Tolkien influences people to read more fantasy, but I suspect a lot of writers, fan or pro, never try seriously to write like him. How many of these authors are philologists, poets, scholars like he was? I have loved Tolkien's work since I was 11 but I have never tried to "imitate" it. He's way too great for that.

Contrastingly, Howard is extremely imitable. Gobs of us teenage fans of the Lancer paperbacks wrote our own sword-and-sorcery barbarian stories and I'll bet a lot of those imitations were not ridiculously poor as such. My character was named Koroth. He appeared in a fanzine called Endeavor.

Oh I don't know about that. I've heard too many complaints of insipid Tolkien-esque prose from the 70s (and even read some), and reckon there's much more that doesn't get published to boot. Particularly from teenagers that neither know what a philologist is or cares.

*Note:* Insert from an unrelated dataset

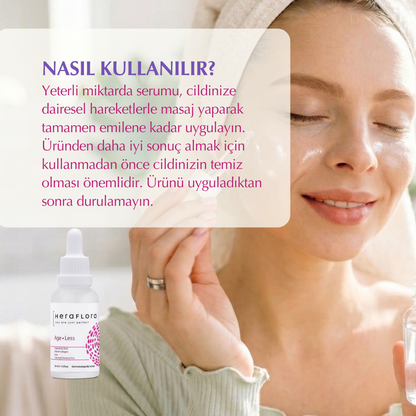 Age Less Yaşlanma Karşıtı  Serum - 30 Ml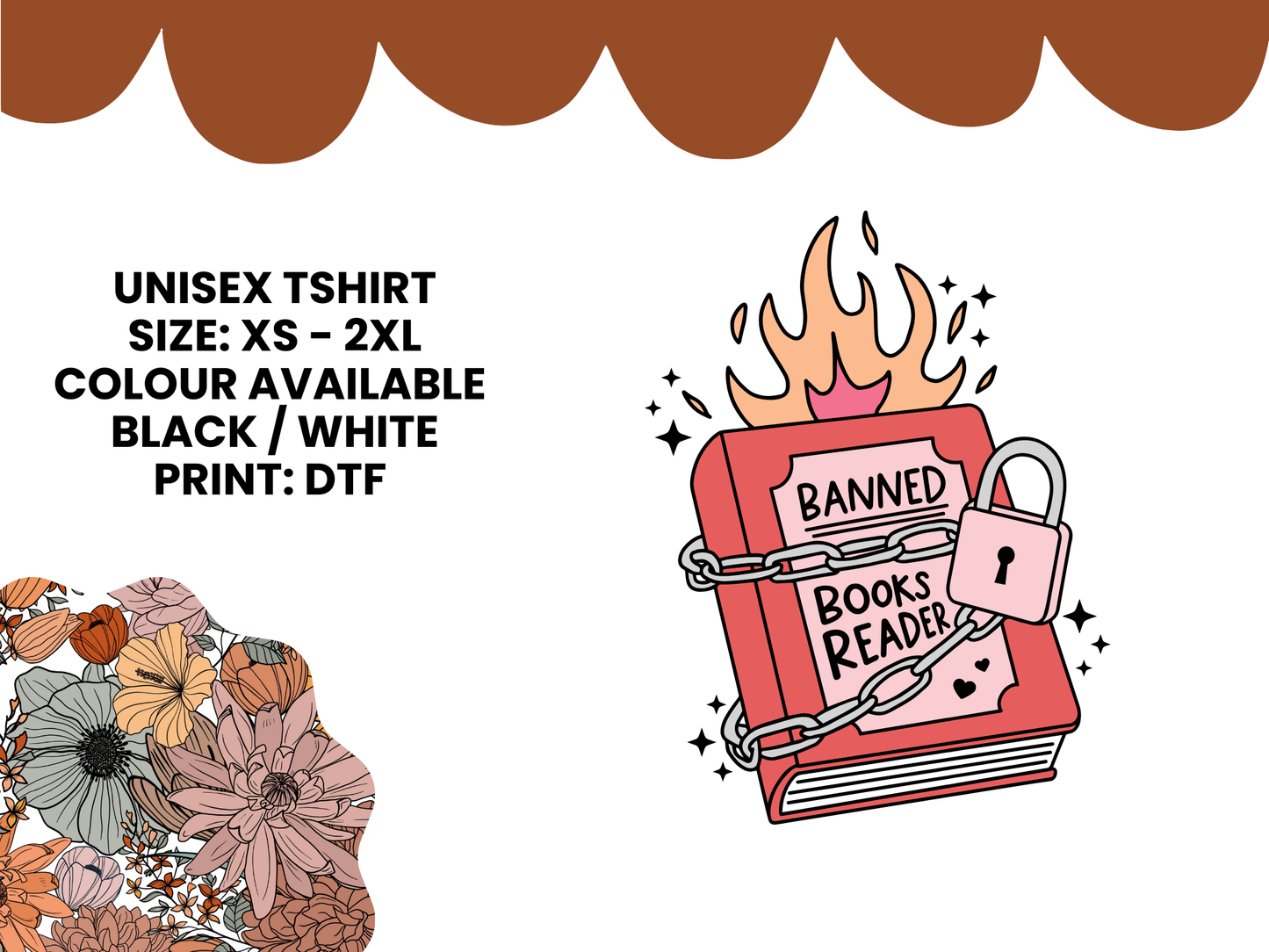TSHIRT - BANNED BOOKS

Truth told, I don't find one much more enjoyable for its prose than t'other (at least with Conan). I daresay Howard breaks more conventions, but then great pulp writing has a tendency to break the rules and create something so visceral and powerful it doesn't matter. What places Tolkien above for me is, well, everything else.
 

BAYLOR

There Are Always new Things to Learn.
Joined
Jun 29, 2014
Messages
23,361
Lovecraft said in 1919 that after a collapse into barbarism there would be "natural chieftains" rising up to starts things over. That's Conan - a natural chieftain.
The current chieftain of the Hyrkanian Steppes is in that mold I would say.
Military, cavalry-trained, probably decent with a sword, but shorter and less hair than Conan.
But he enjoys a good joke when he isn't plotting military campaigns so that also makes him similar to Conan.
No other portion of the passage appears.